L’attività investigativa, condotta dall’ottobre del 2015 al marzo 2016, è stata sviluppata mediante intercettazioni telefoniche ed ambientali, acquisizione e sviluppo dei tracciati del traffico telefonico delle utenze in uso agli indagati nonché attraverso servizi di osservazione pedinamento e riscontro che hanno consentito di edificare un solido compendio indiziario-probatorio in ordine alla sussistenza ed operatività di un’associazione dedita al traffico ed allo spaccio di sostanze stupefacenti, del tipo hashish e cocaina, stabilmente operante nelle zone di San Prisco e nei paesi limitrofi della provincia di Caserta.

Il lavoro investigativo ha anche permesso di accertare complessivi 52 episodi tra detenzione ai fini di spaccio e cessione in concorso di sostanze stupefacenti. Sono stati, infatti, valorizzati i contatti telefonici tra gli indagati ed i contenuti delle conversazioni intercettate nelle quali quest’ultimi, utilizzando linguaggi criptici (ad esempio: “somme di danaro” per indicare la “cocaina” – “prendere un caffè” per “determinare l’incontro” – “cose buone buone“, “documenti“, “libretti” – “1 Kg. di vongole” – “macchina marrone e macchina bianca“-), fissavano appuntamenti ed indicavano i luoghi e le date in cui svolgere le cessioni delle sostanze illecite.

Il G.I.P., concordando con la richiesta di misura coercitiva avanzata dalla Procura della Repubblica presso il Tribunale di Napoli – DDA, anche per quanto riguarda la valutazione di sussistenza di concrete ed attuali esigenze cautelari, ha disposto, nei confronti di 10 indagati la custodia cautelare in carcere e per uno di essi la misura degli arresti domiciliari.

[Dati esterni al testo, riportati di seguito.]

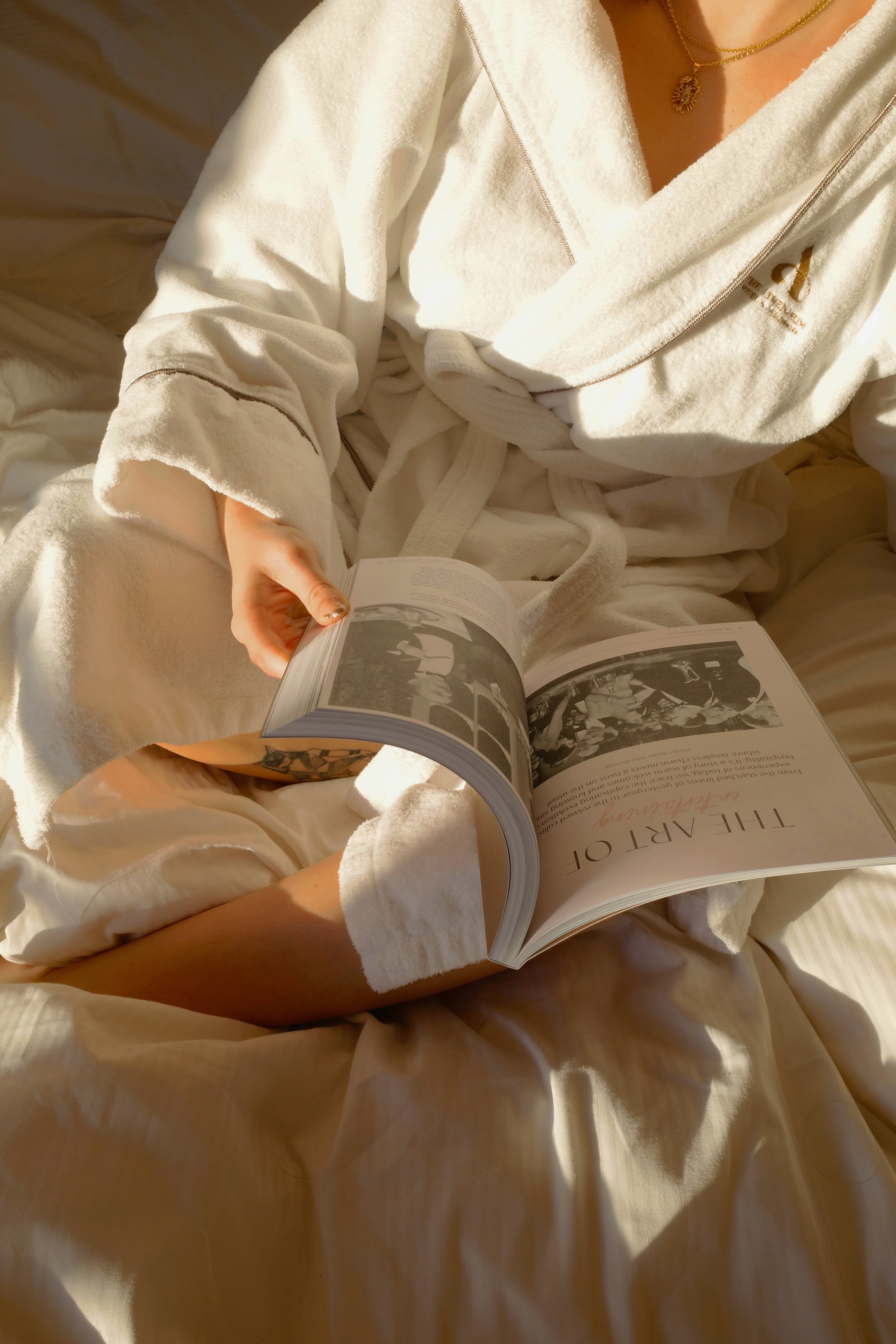 Guest in Athenaeum robe reading in bed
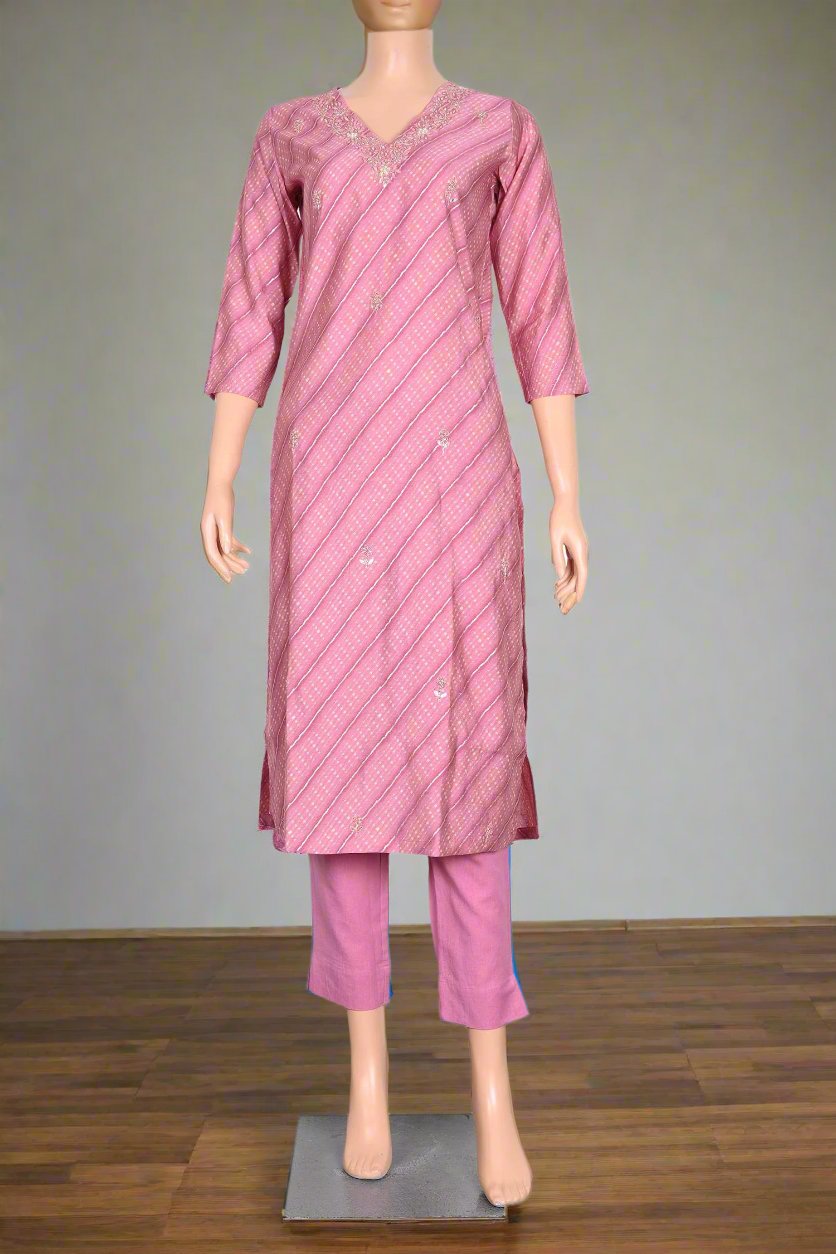 Light pink kurti set for women featuring an elegant muslin kurta adorned with sequins, perfect for stylish everyday wear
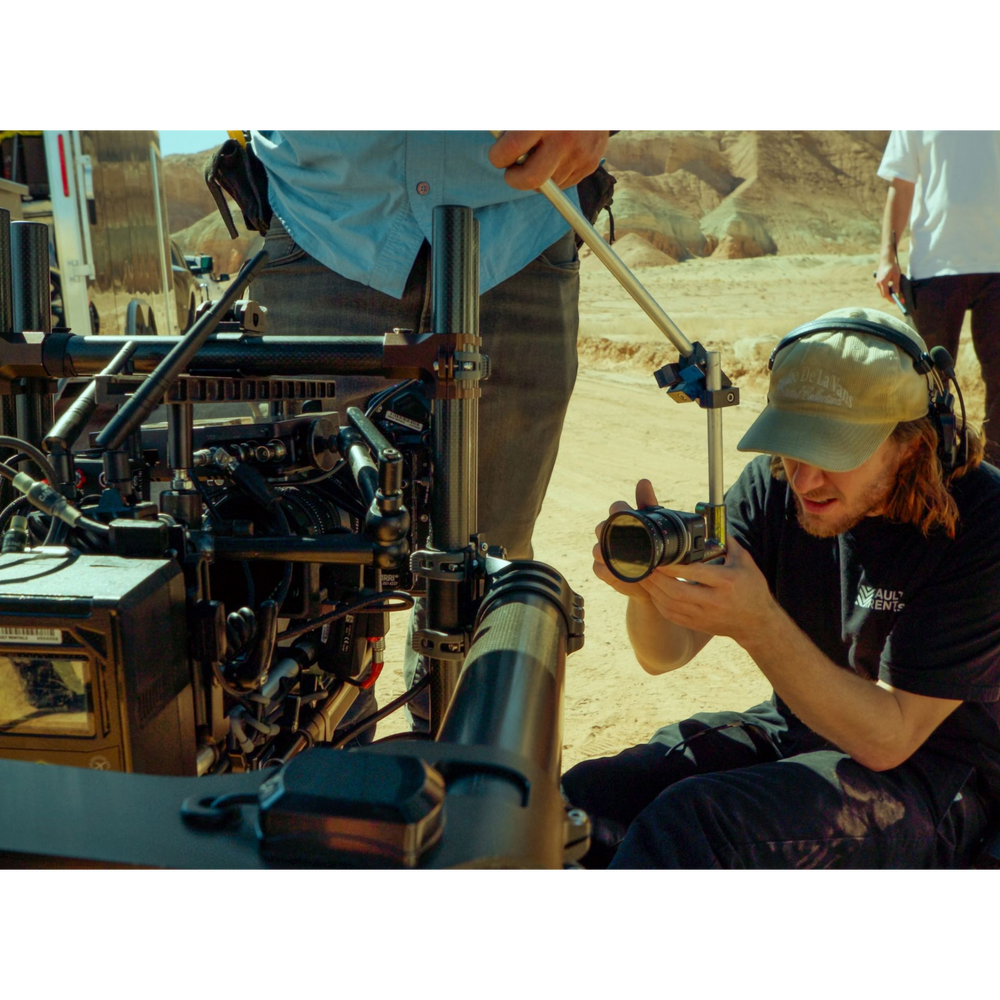 alAsil GoPro MISSION 1 PRO ILS cinema camera mounted on a professional rig with a filmmaker adjusting the lens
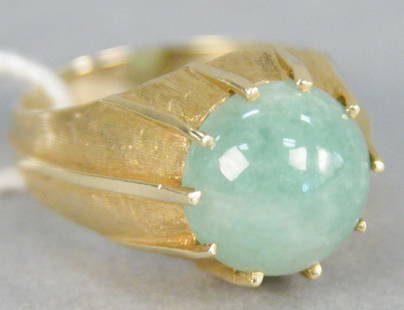 14K gold ring with round cabochon cut jadeite, stone: 14K gold ring with round cabochon cut jadeite, stone diameter 12.2 millimeters. size 8 1/2.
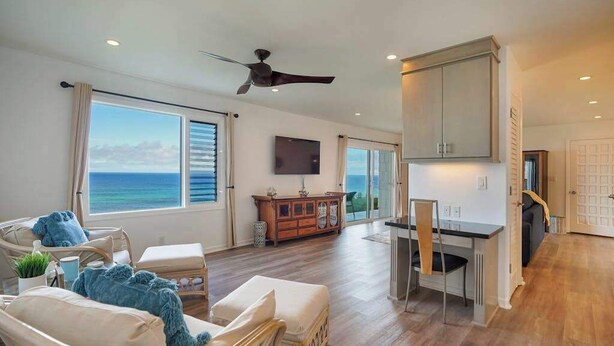 A spacious living area with a view of the ocean, a ceiling fan, a dining area, and a TV mounted on the wall. - *NEW* Princeville Ocean Views for Slow Kauai Mornings (Princeville)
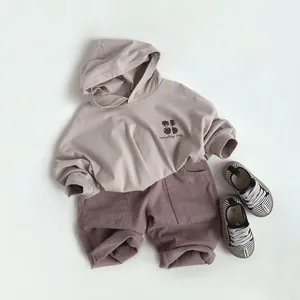 Minimalist kids hoodie and purple cargo shorts set with everything lucky print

ELENCO DEI DESTINATARI DELL’ORDINANZA DI CUSTODIA CAUTELARE:

In carcere
1. BUONO Paolo cl’91, di Santa Maria Capua Vetere (CE);
2. CESTRONE Giovanni cl’95, di San Prisco (CE) ;
3. CRISTILLO Maria cl’77, di Santa Maria Capua Vetere (CE);
4. D’ANGELO Tommaso cl’ 72, di San Prisco (CE);
5. DELL’IMPERIO Francesco cl’88, di Frignano (CE);
6. FARINA Pasquale cl’96, di San Prisco (CE);
7. MAURO Vincenzo cl’90, di San Prisco (CE);
8. MINGIONE Dario cl’91, di Santa Maria Capua Vetere (CE);
9. PAOLELLA Marcello Benetenuto cl’78, di Santa Maria Capua Vetere (CE);
10. REGINO Pasquale cl’82, di Frattaminore (Na) .

Arresti domiciliari
1. FUNICIELLO Domenico cl’92, di Santa Maria Capua Vetere (CE).